The Coronavirus Lockdown has undoubtedly had a massive impact on the court system – making Alternative Dispute Resolution (ADR) and arbitration an attractive option for parties seeking to resolve a dispute in a timely manner.
With a substantial backlog of pre-lockdown cases and an increase in new claims being issued, there is currently a considerable delay on Court proceedings. On 8 June 2020, the Courts announced a planned expansion of face-to-face hearings, as sixteen more court and tribunal buildings open across England and Wales.
For people wishing to progress cases quickly, ADR could be a good way forward. We’ve published an introduction to ADR already and this article focuses on arbitration.
What is arbitration?
Arbitration is the private, judicial determination of a dispute by an independent third party.
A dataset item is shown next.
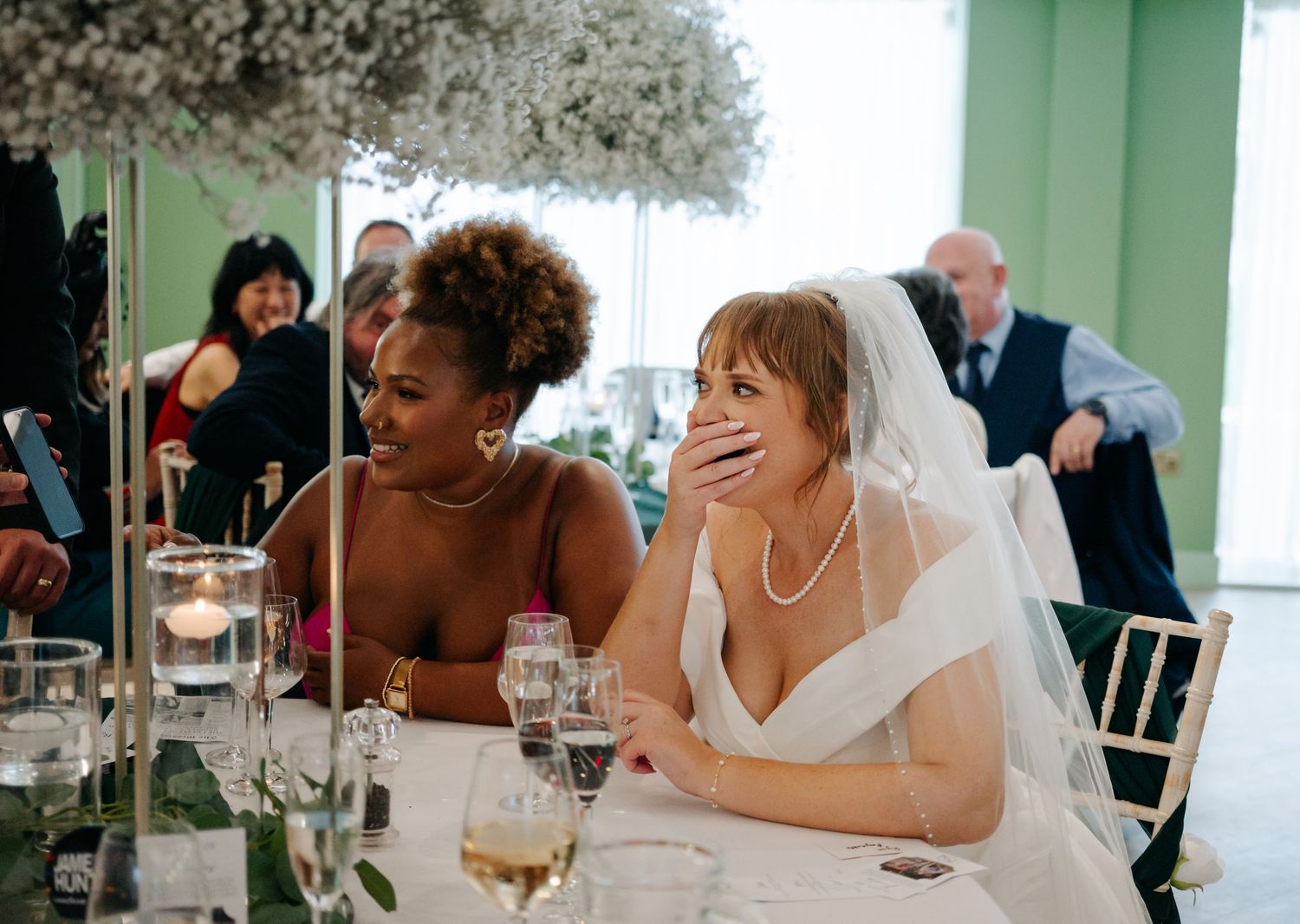 Wedding guests seated at reception tables sharing joyful conversations.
Arbitration tends to be a much more flexible method of dispute resolution compared to traditional court proceedings. Nonetheless, arbitration is just as final and binding as a Court judgement, unlike mediation and negotiation.
When can you use arbitration?
Parties will only tend to use arbitration in circumstances where they have entered into an arbitration agreement or there is an arbitration clause within their contract.
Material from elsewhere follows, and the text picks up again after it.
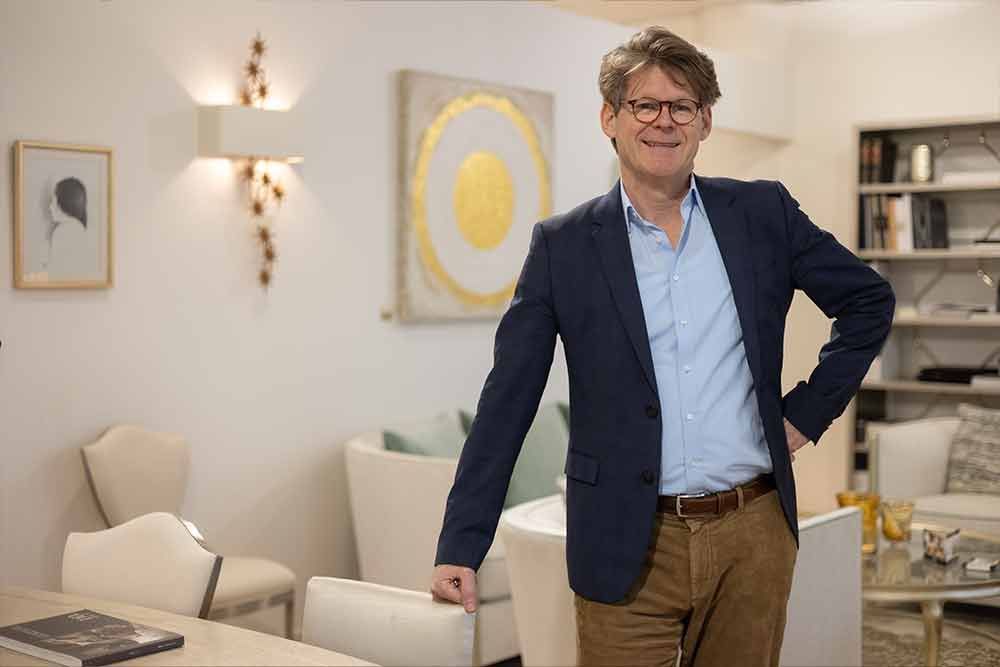 Ein Mann in blauer Jacke steht lächelnd in einem hell erleuchteten Wohnzimmer, die Hand auf einem Stuhl.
The arbitration agreement / clause will set out that any disputes relating to the wider contract will be dealt with by arbitration rather than by Court proceedings. In England and Wales, an arbitration agreement / clause must be in writing or evidenced in writing.
However there is nothing preventing parties agreeing to refer a dispute to arbitration by separate agreement.
How does the arbitration process start?
Arbitration is commenced by a written notice to the other party or parties or the appointing authority – this is unless there is an agreement between the parties which requires additional or other requirements to be satisfied.
Can it be done virtually?
Arbitration agreements will often contain a provision confirming the law which will govern the arbitration (i.e. the country in which the arbitration will be “rooted”) – this is known as the seat or arbitration. Nonetheless, there is no requirement for procedural and evidential hearings to physically take place at the seat of arbitration.
One of the main arbitral institutions, the International Chamber of Commerce (ICC) has comprehensive provisions within its rules on remote hearings; allowing hearings to be held virtually by video conference or phone “or similar means of communication”. The flexibility of arbitration and its ability to be shaped by the parties is likely its most attractive quality.
Virtual arbitration is possible in the current climate but it isn’t without its challenges. One of the most problematic aspects of conducting a virtual arbitration is the challenge for the arbitrator in assessing a witness’ demeanour – which is crucial in determining their credibility and the reliability of their evidence. This of course will be more difficult if the technology causes issues.
Advantages to arbitration
Choice of Decision Maker
Parties can choose the arbitrator, unless the agreement specifies otherwise.
In comparison to court proceedings (especially in the current climate), arbitrations can typically be heard sooner. The timeline for an arbitration to be concluded from start to finish depends on the parties involved, but generally matters can be concluded much quicker than court proceedings – sometimes in a matter of months.
The parties can mould the procedure according to the circumstances.
Arbitration hearings are confidential, private meetings in which the media and members of the public are not able to attend. The final decision is not published.
Hearings are arranged to suit the parties, arbitrators and witnesses. This contrasts with court proceedings; the Court will work to take the unavailability of parties and counsel into consideration when listing the hearings – but this is not guaranteed.
In general, there is no right of appeal in arbitration. However, the Courts do have limited powers to set aside an award.
Whilst you pay for an arbitrator as opposed to a court judge, you avoid court fees by short cutting the full judicial process and therefore, you usually save on costs overall.
Although noted as an advantage above; depending on what side of the coin you’re on this could be a disadvantage if the losing party disagrees with the reasoning of the arbitrator.
As discussed already, if conducting the arbitration virtually, the unreliability of technology may impact the arbitrator’s ability to assess witnesses.